_Instructions for the task_:
Produce a verbatim copy of the data below that contains no pictures.

_Data shown_:
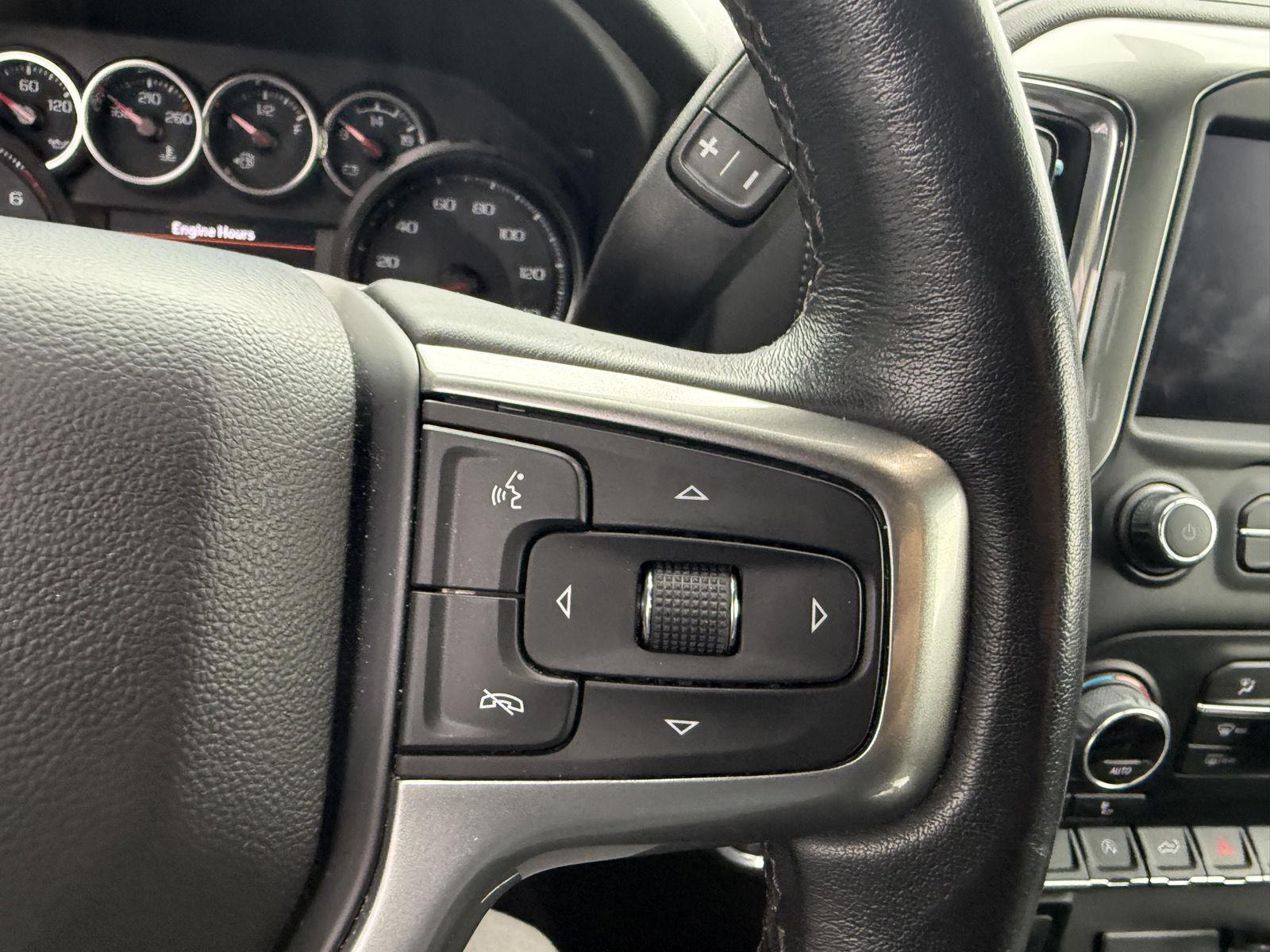 Used 2022 Summit White Chevrolet RST image 12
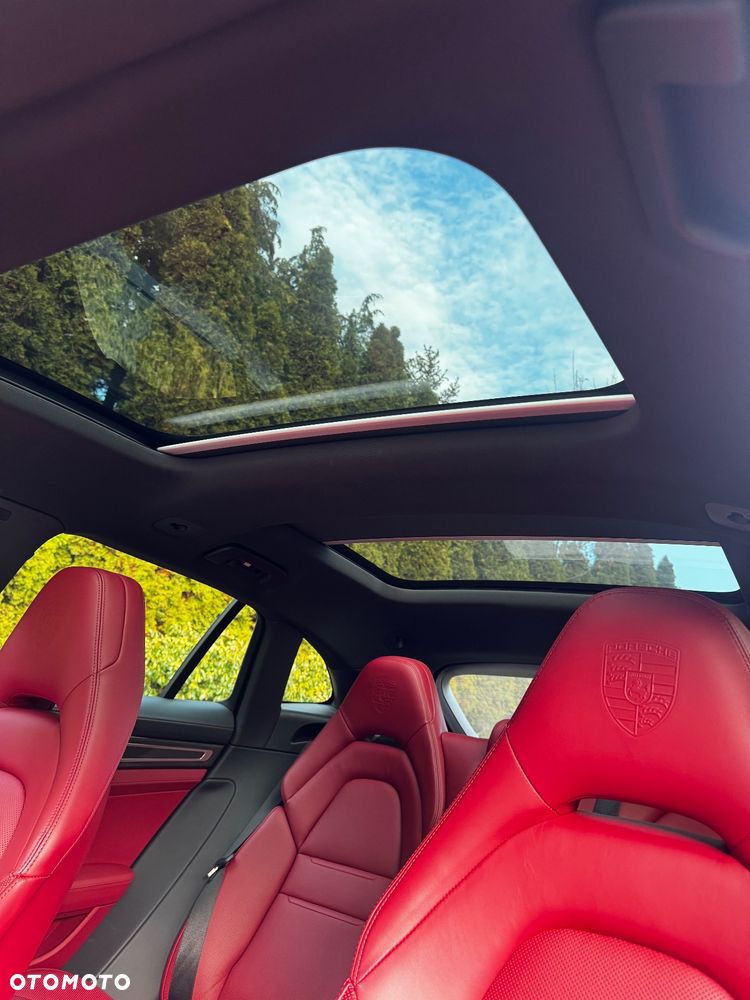 Porsche Panamera 4S - 12
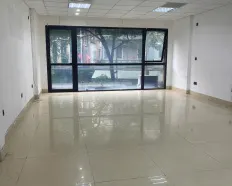 Cho thuê tòa nhà văn phòng Phố Trung Kính, Cầu Giấy DT: 90m2 x 6 tầng, thang máy, sàn thông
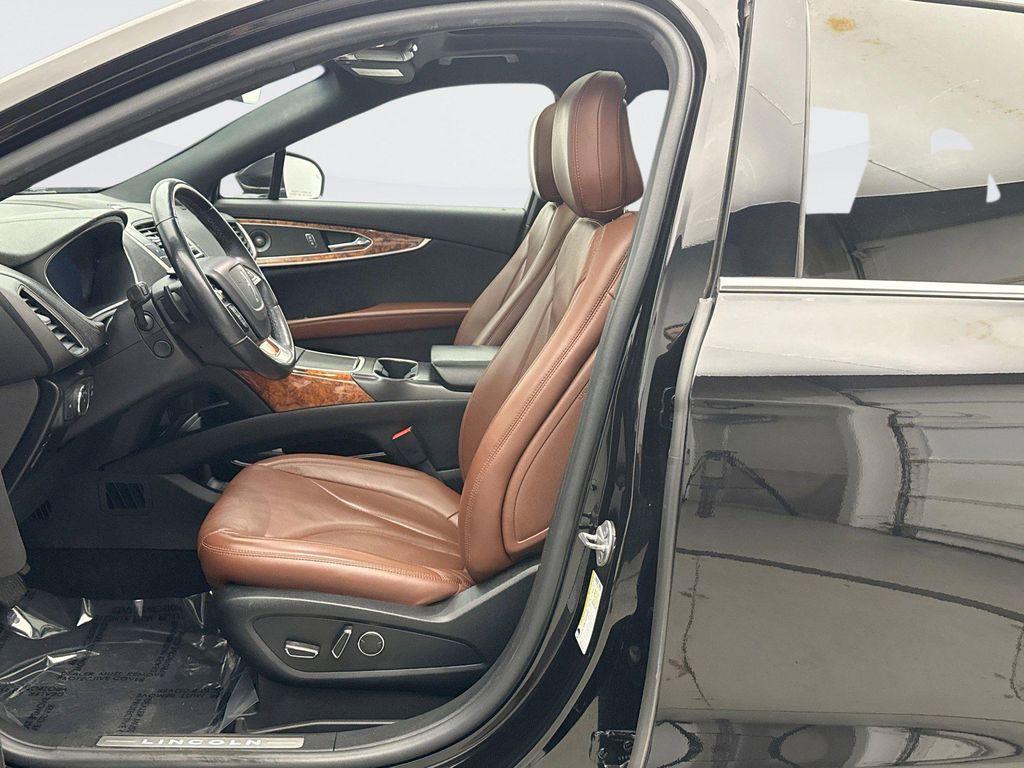 used 2020 Lincoln Nautilus car, priced at $25,847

_Result for this task_:
 Used 2022 Summit White Chevrolet RST image 12
 Porsche Panamera 4S - 12
 Cho thuê tòa nhà văn phòng Phố Trung Kính, Cầu Giấy DT: 90m2 x 6 tầng, thang máy, sàn thông
 used 2020 Lincoln Nautilus car, priced at $25,847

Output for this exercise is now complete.